Chaque jour ressemble à la veille, en pire. Et même quand on pense avoir touché le fond, y a toujours un foutu étage en dessous.
Des rêves et des fantômes
Léo Bruiser s’est collé une balle. Sa fille était là, trop jeune pour ce genre de scènes.
J’ai veillé sur elle jusqu’à l’arrivée de Malcom et Hobbs — deux vrais flics, des survivants d’un temps révolu. Ils ont calmé les mômes arrogants qui l’accompagnaient.
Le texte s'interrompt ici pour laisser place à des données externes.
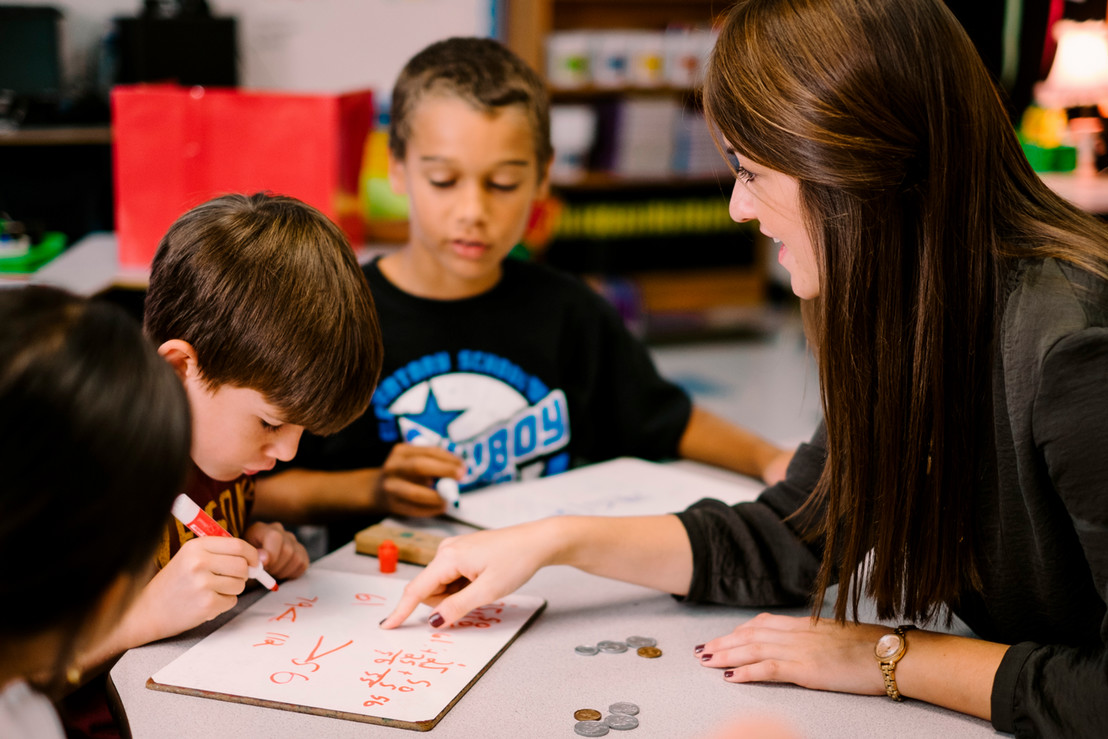 Female teacher teaching elementary children how to count money in Dallas, Texas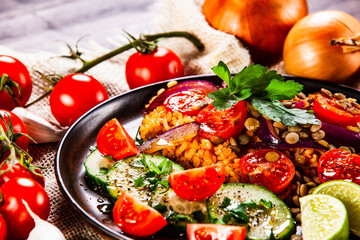 Groats with lentils and vegetables on wooden table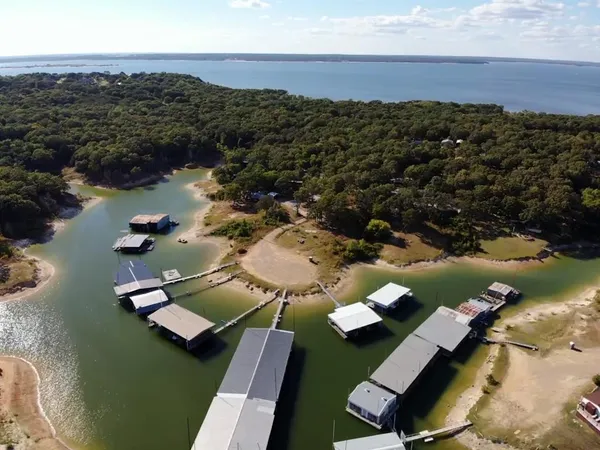 an aerial view of lake residential house with outdoor space and trees around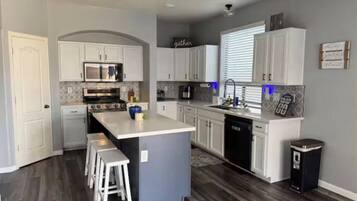Coffee/tea maker, fridge, microwave, oven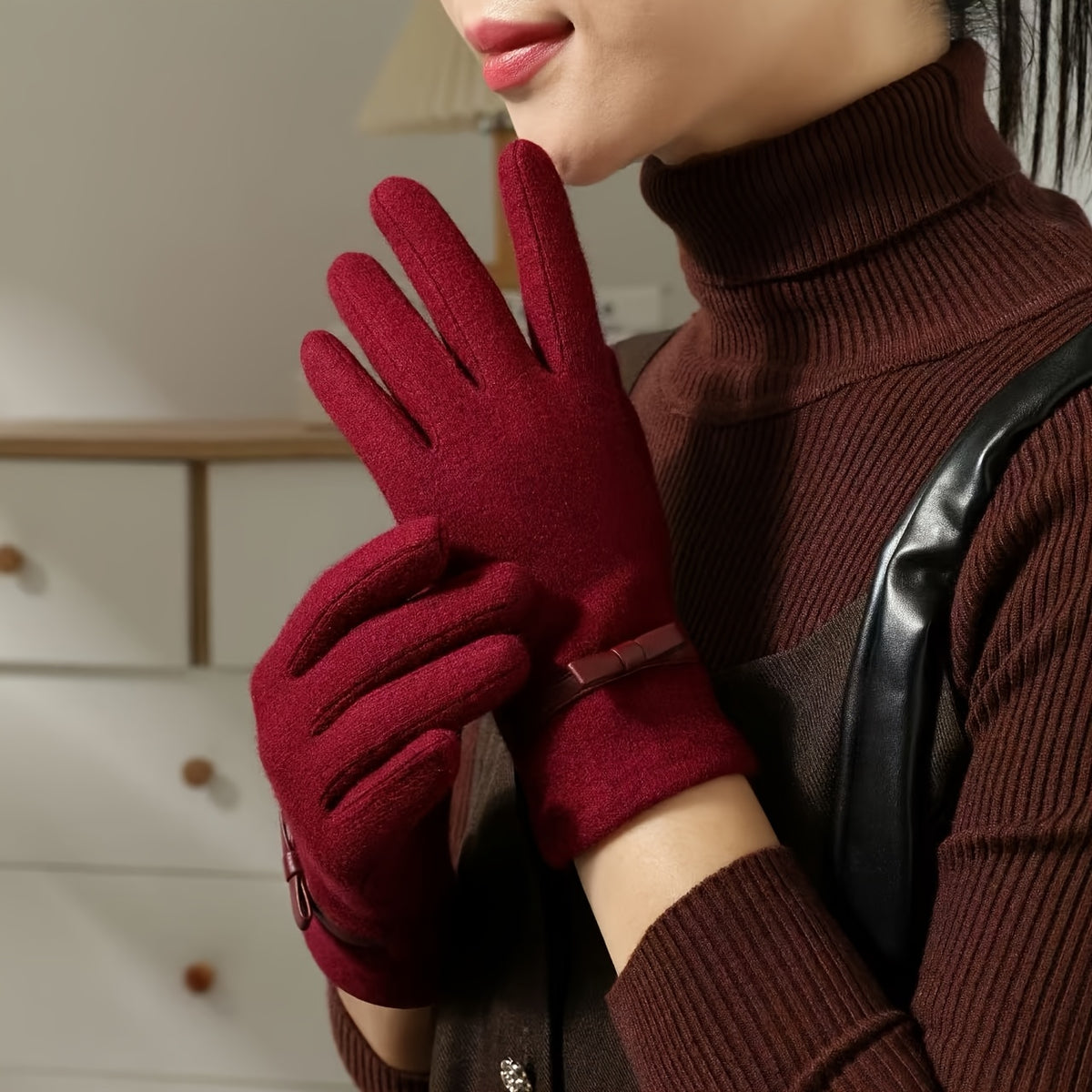 Gants en laine femme bordeaux portés près du visage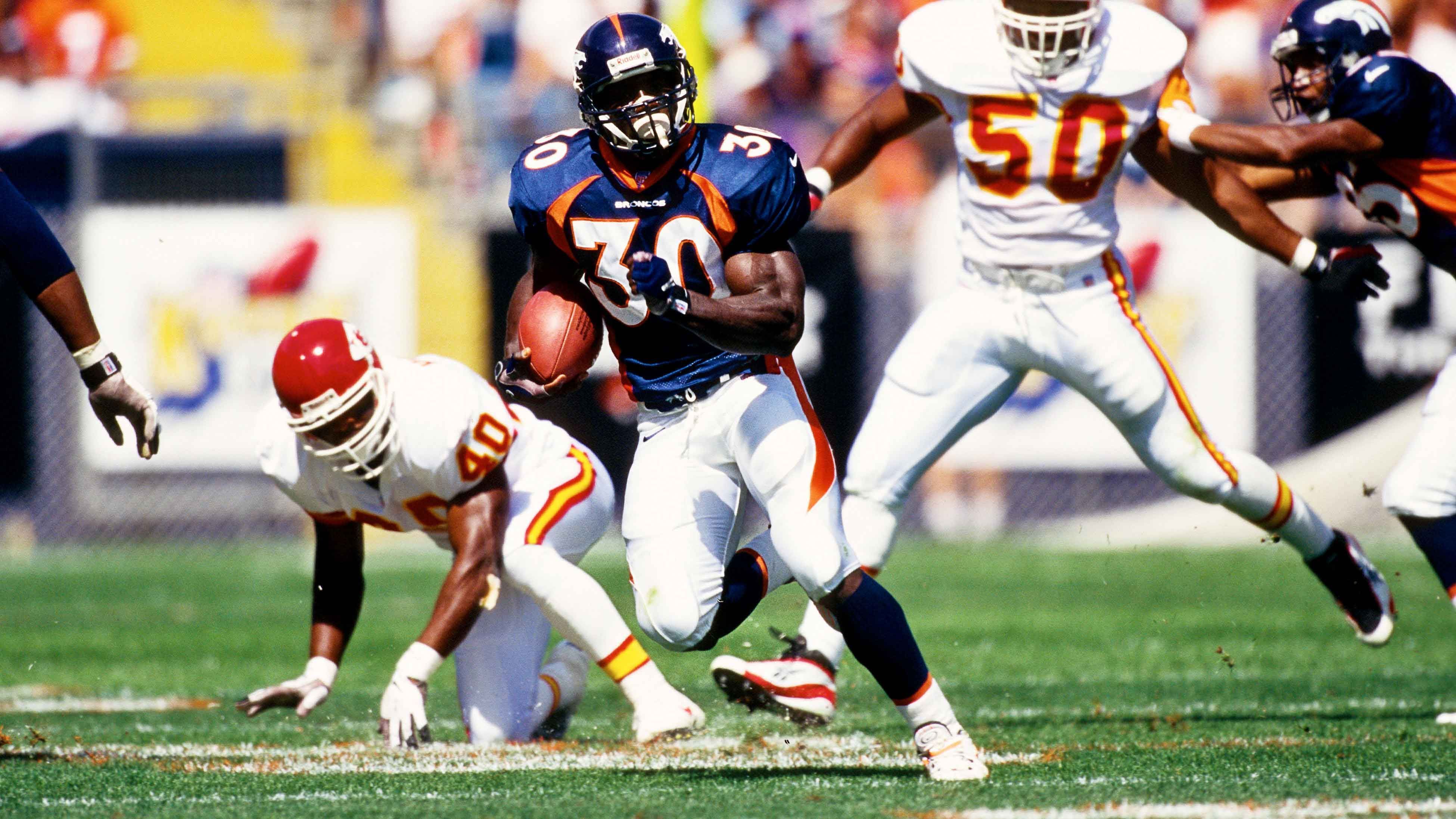 
                <strong>Denver Broncos: Terrell Davis</strong><br>
                7.607 Yards bei 1.655 Runs - 60 Touchdowns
J’ai raccompagné la gamine. Elle m’a dit qu’une femme lui était apparue en rêve. Qu’elle lui avait dit d’aller chez son père. Une femme qui ressemblait à Lily. Le fantôme de la ferme. Le même qui m’avait conduit au cadavre de Milly Collins. Ces morts-là ne nous quittent jamais.
À la maison de Léo, notre ancien capitaine, devenu chef de la police, nous attend. Bras en écharpe, mais encore debout. Il nous dit que Léo avait peur. Qu’il pensait que "ça avait recommencé". Qu’un tueur reprenait son œuvre. Il avait raison.
Mise à mort(s)
2J a retrouvé les deux types responsables du viol de Marie. Ils nous supplient de les tuer. La mort leur vaudrait peut-être le pardon.
Moi, j’ai envie de les castrer. Qu’ils vivent avec ça. Qu’ils chient du sang et se souviennent de Marie à chaque douleur.
2J s’y oppose. Il dit que soit on les laisse, soit on les bute.
On s’engueule. Mais je suis fatigué. Las de crier, las de convaincre. Je les laisse partir. Ils ne méritent même plus ma haine. Juste l’oubli.
La chute finale
On rentre. Hobbs et Malcolm nous attendent à l’agence.
Marie a été retrouvée. Pas vivante.
Je n’ai pas besoin de l’entendre. Je reconnais les regards, les postures, le silence pesant.
Milly m’effondre dans ses bras. Mon père fixe le vide. Ma mère n’est même plus là, ailleurs dans sa tête.
Le corps ? Découpé. Reconstitué. Une question gravée dans sa chair : “Est-ce que tu m’aimes ?”
Je n’ai pas pleuré. J’ai juste senti quelque chose se briser. Quelque chose d’irréparable.
Hans a parlé à Tom. Un seul mot. Un seul poing. C’est plus que ce que je lui aurais donné.
Je suis monté dans la chambre. Il flottait entre deux mondes, la cervelle fondue par sa propre came.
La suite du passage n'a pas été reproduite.